İngiltere Durham Üniversitesi Öğretim Üyesi Prof. Dr. Colin Turner Yeni Asya için yazdı: Kur'an hakikatinin son kalesi: RİSALE-İ NUR
Bir zaman biri bana dedi ki: “Senin problemin, dünyayı çok fazla arzulaman!”
Ona cevaben dedim ki, belki zahiren öyle görünüyor olabilir; lâkin hakikatte, dünyayı arzulamak mantıksızdır. Çünkü kimse hakikatte dünyayı talep edemez. Zira bütün kemalât ve mükemmellikler O’na (cc) aittir ve hakikî matlup ancak O’dur (cc). Bizim asıl meselemiz, O’nu (cc) fânî ve geçici şeylere aksettirmemiz, O’nu (cc) o fânî eşyalarda vehmedip, o şeylerin talep edildiğini zannetmemizdir. Halbuki, aslında talep edilen o eşya değil, onların ardında tecelli eden kemal ve cemal sıfatlarıdır. Fakat biz, bu sıfatları fânî şeylerde gizli zannederiz ve onlara meylederiz.

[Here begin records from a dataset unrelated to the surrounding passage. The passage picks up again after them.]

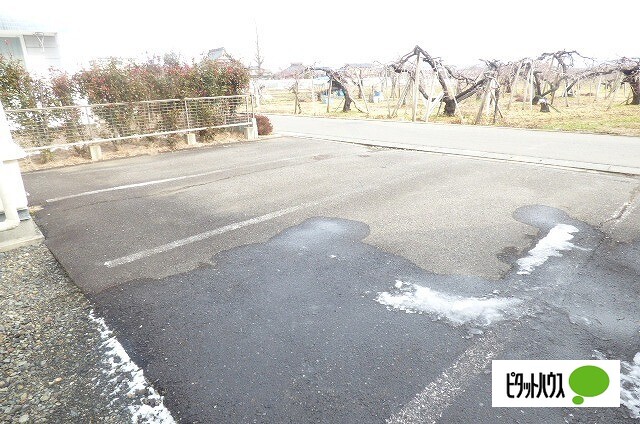 【岡沢ハイツ　Ｓ棟の駐車場】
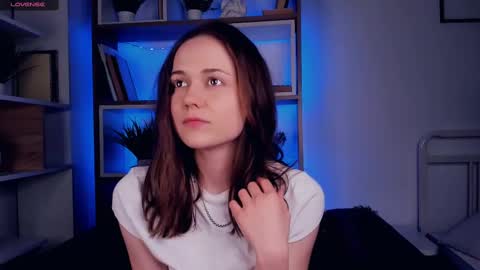 Elis 3 online show from February 20, 9:09 pm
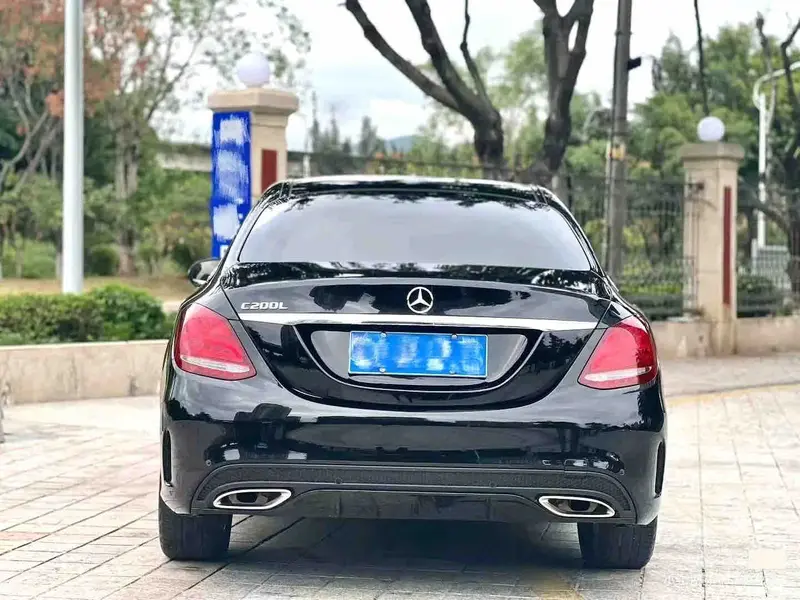 Vehicle photo 6
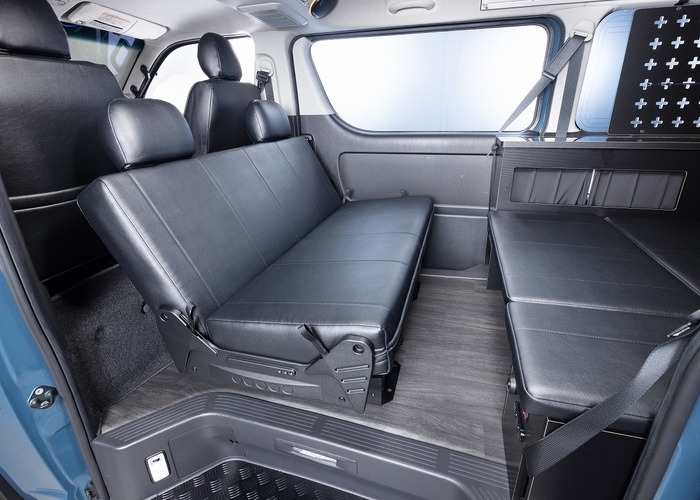 HIACE S-GL COMPLETE「ATTICS8」アティックス8 バン　8ナンバー　5人乗りのサムネイル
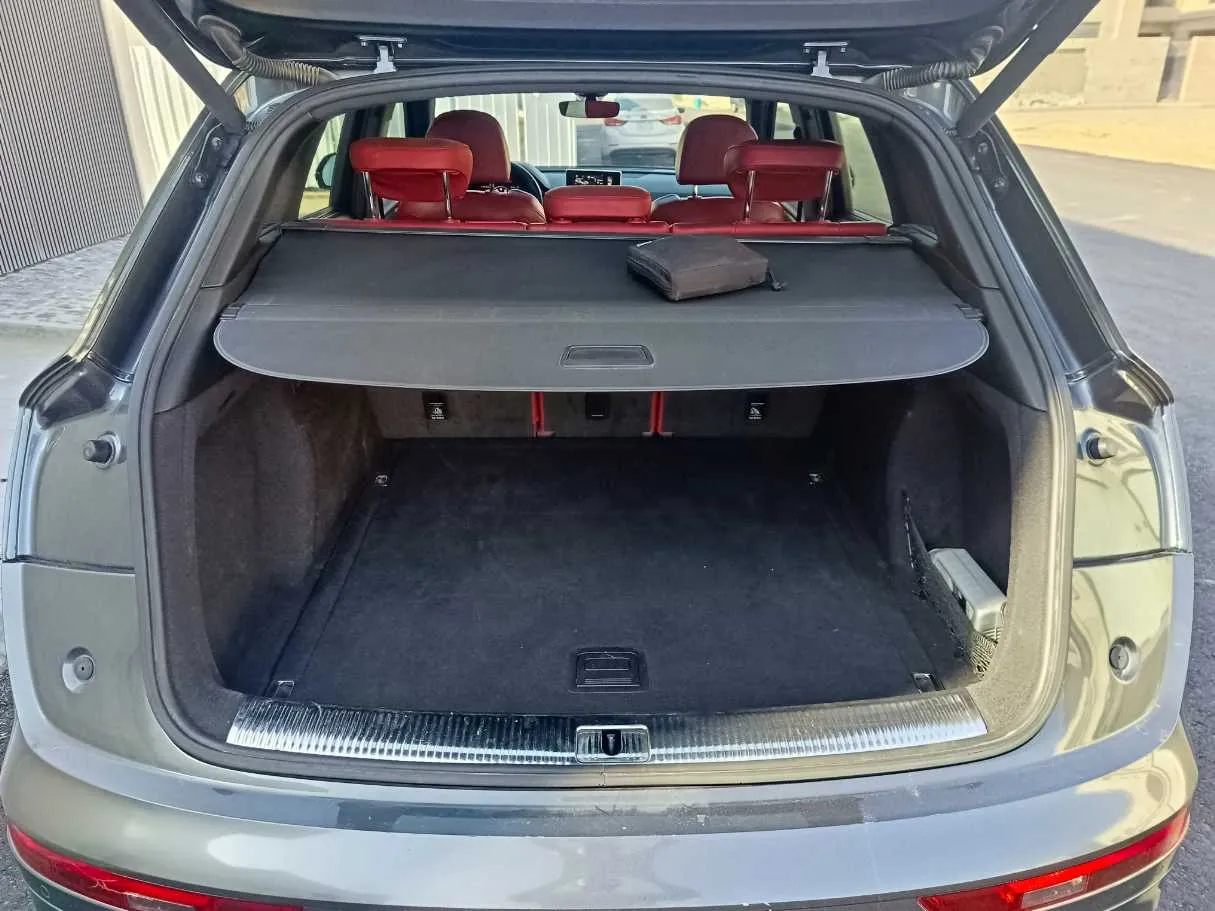 Car image 28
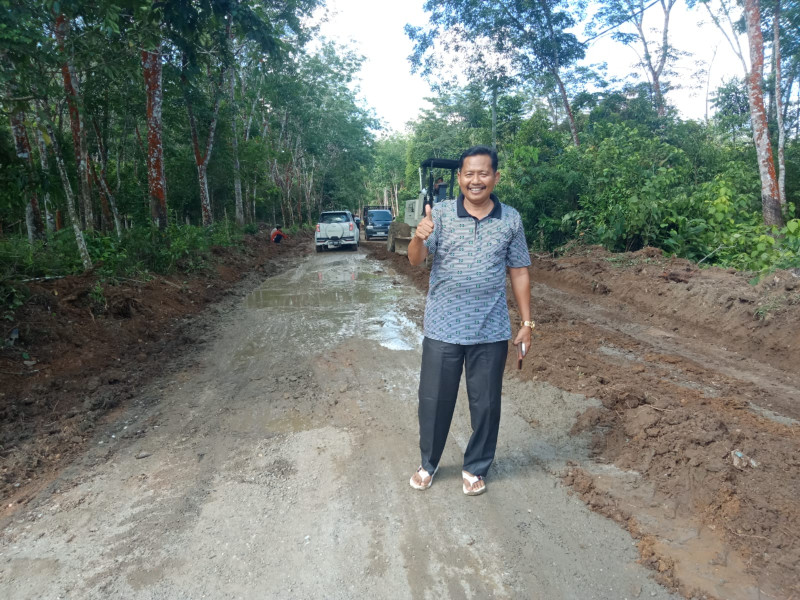 Sehari Pasca Intruksi Bupati Jalan Gunung Kesiangan Diperbaiki PUPR Kuansing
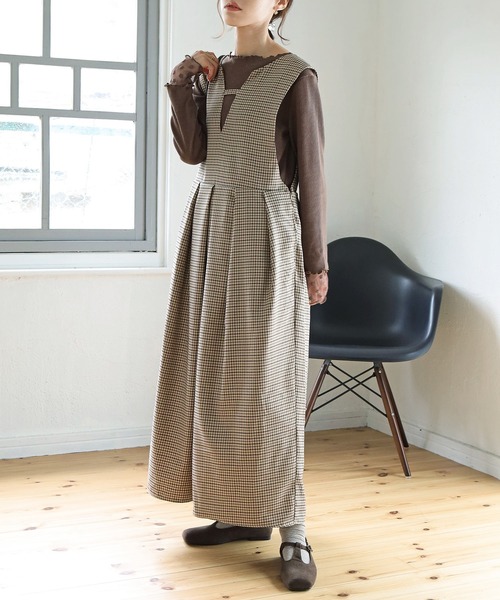 Crisp（クリスプ）の「キーネックタックジャンパースカート（ジャンパースカート・レディース・ブルー/ブラック/ベージュ・FREE）」の17枚目の写真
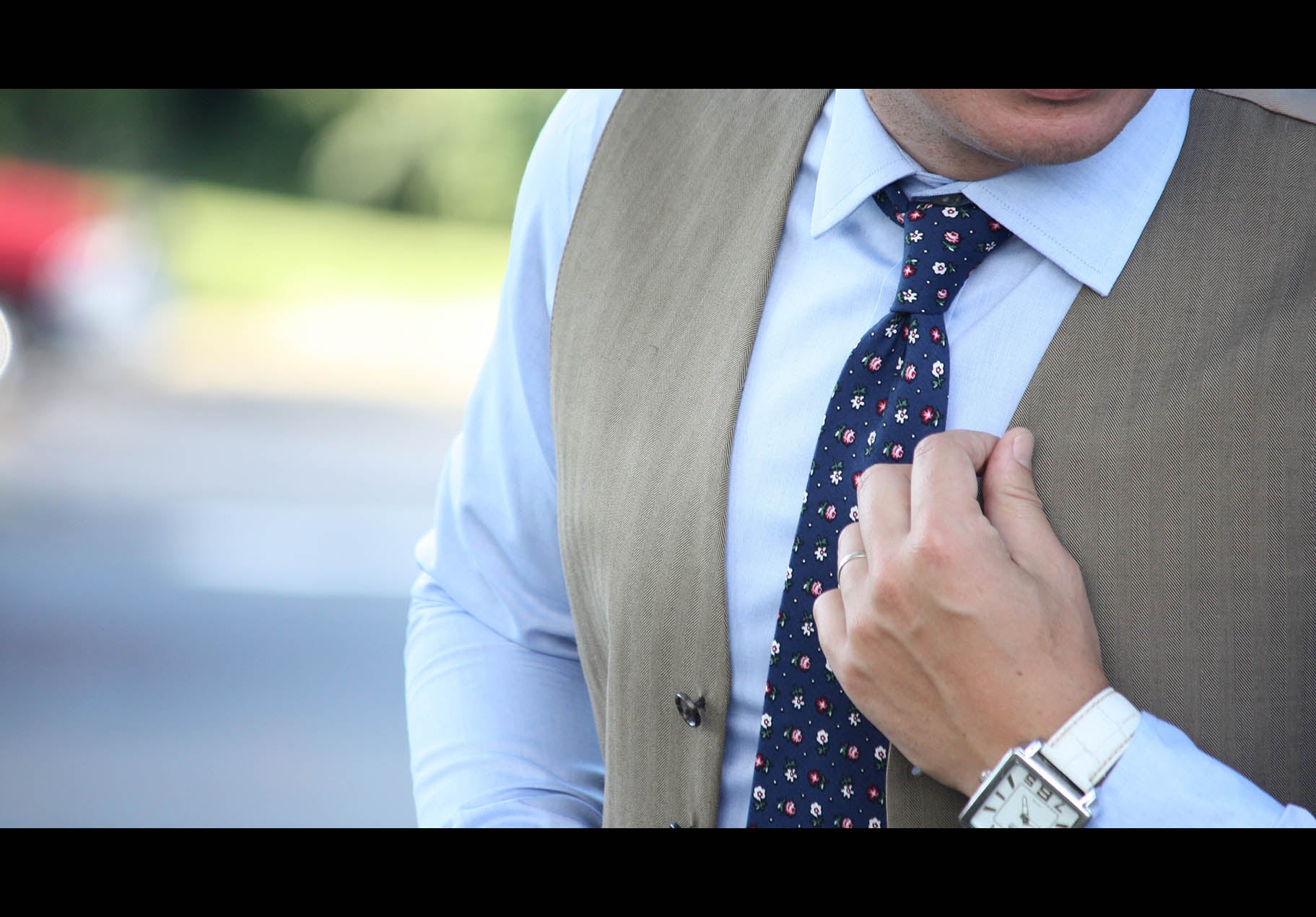 Navy Floral Necktie 2.7"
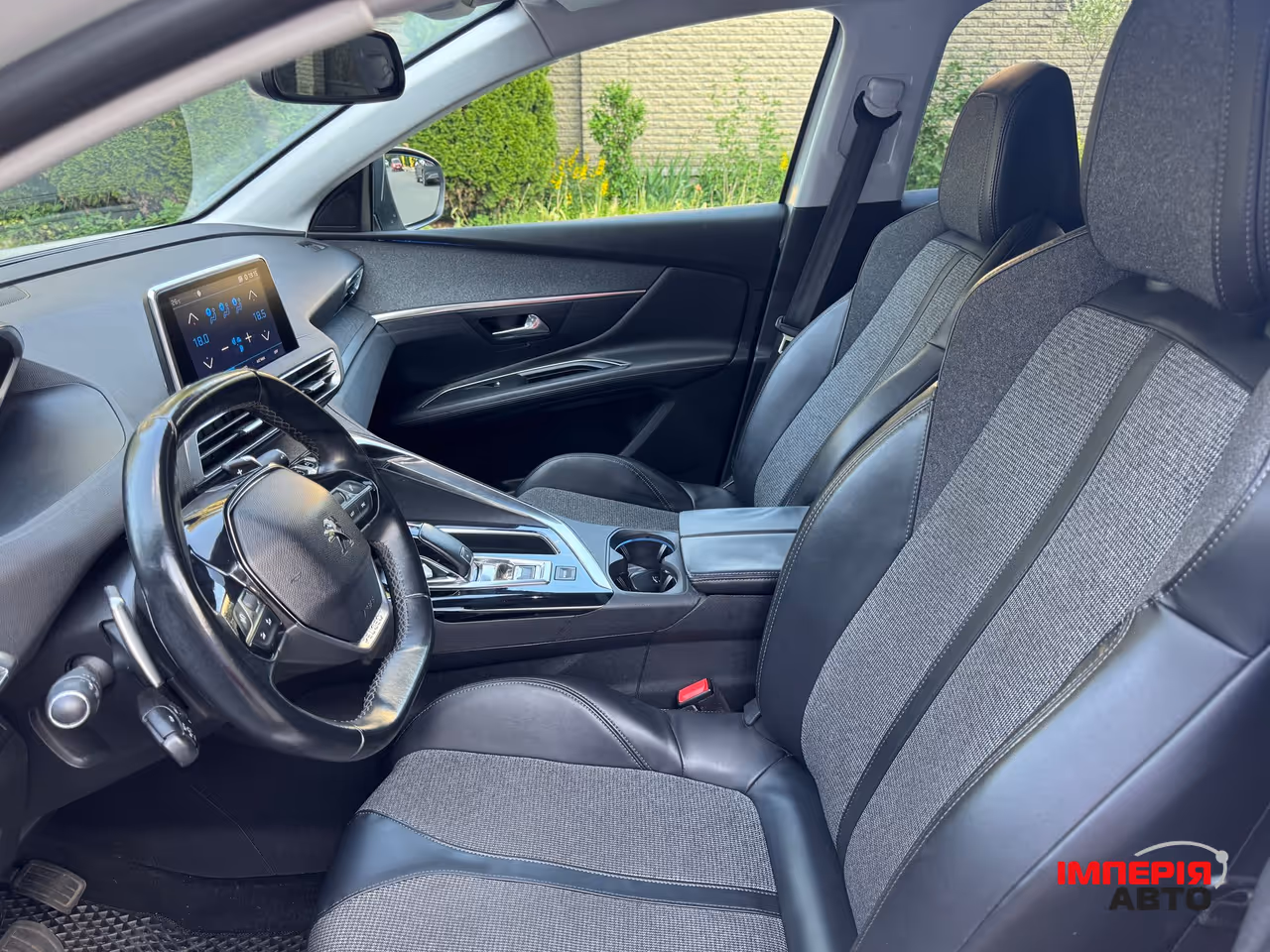 Peugeot 3008 - фото 2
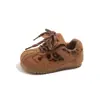 Zapatillas Deportivas para Niñas 2026 Otoño Nuevo Estampado de Leopardo Infantil Suela Suave Zapatos Casuales Zapatos de Entrenamiento Retro Alemán para Niñas Venta al por Mayor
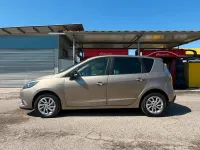 Usata Renault Scénic III LIMITED 110 CV (80 kW) 2016 Oro Monovolume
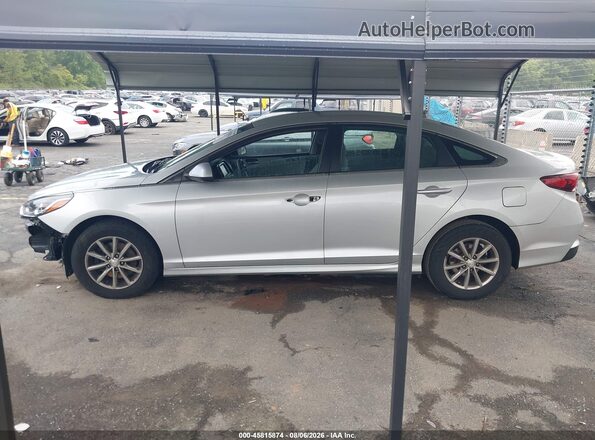 5NPE24AF0JH728013 2018 HYUNDAI SONATA Silver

İnsanların sevdiğini düşündüğü şeyler -mal, servet, şöhret, yemek, nefsanî hazlar, büyük araba, hatta evlât ve aile- sadece O’nun (cc) güzel isimlerinin değişik tecellilerinin üzerilerine örtülen birer perdedir. Kimse yemeği sırf yemek için sevmez; ancak yediğinde hissettiği lezzet için sever. Güzel bir sima, kendi zatı için değil; uyandırdığı his ve vaat ettiği zevk için sevilir. Nasıl ki “bütün yollar Roma’ya çıkar,” yaratılan her şey de nihayetinde O’na (cc) çıkar. Eğer dünyalık şeyleri arzuluyorsan, bil ki derinlerde onlardan zannettiğin lezzet ve tatminini istiyorsun. Fakat hakikatte sana o hisleri veren O’dur (cc), peşinden koştuğun o şeyler değil.
Şunu da bil ki, Cenab-ı Hakk’ın isimlerini ve sıfatlarını sevmekte bir beis yoktur; lâkin onları mahlûkata izafe etmemeliyiz. Meselâ Rezzak isminin tecellisi olarak bir nimeti severek yiyebilirsin; fakat o rızkı bir inek yahut gıda üreticisine nispet etmek en büyük hatadır. Dünyayı “din” ve “dünya” diye bölme alışkanlığını terk etmeliyiz. Zira hakikatte sadece O’nun (cc) Zât-ı Akdes’i vardır. Ancak biz, gaflet sebebiyle O’nu (cc) binlerce fânî perde ve putlarla örtmeye meyilliyiz.
Mü’min ile kâfirin gördüğü şeyler farklı değildir; lâkin aynı şeyleri farklı görürler. Küfrün esası, nazardaki bozukluktur; hakikate perde olan bir körlükten ibarettir.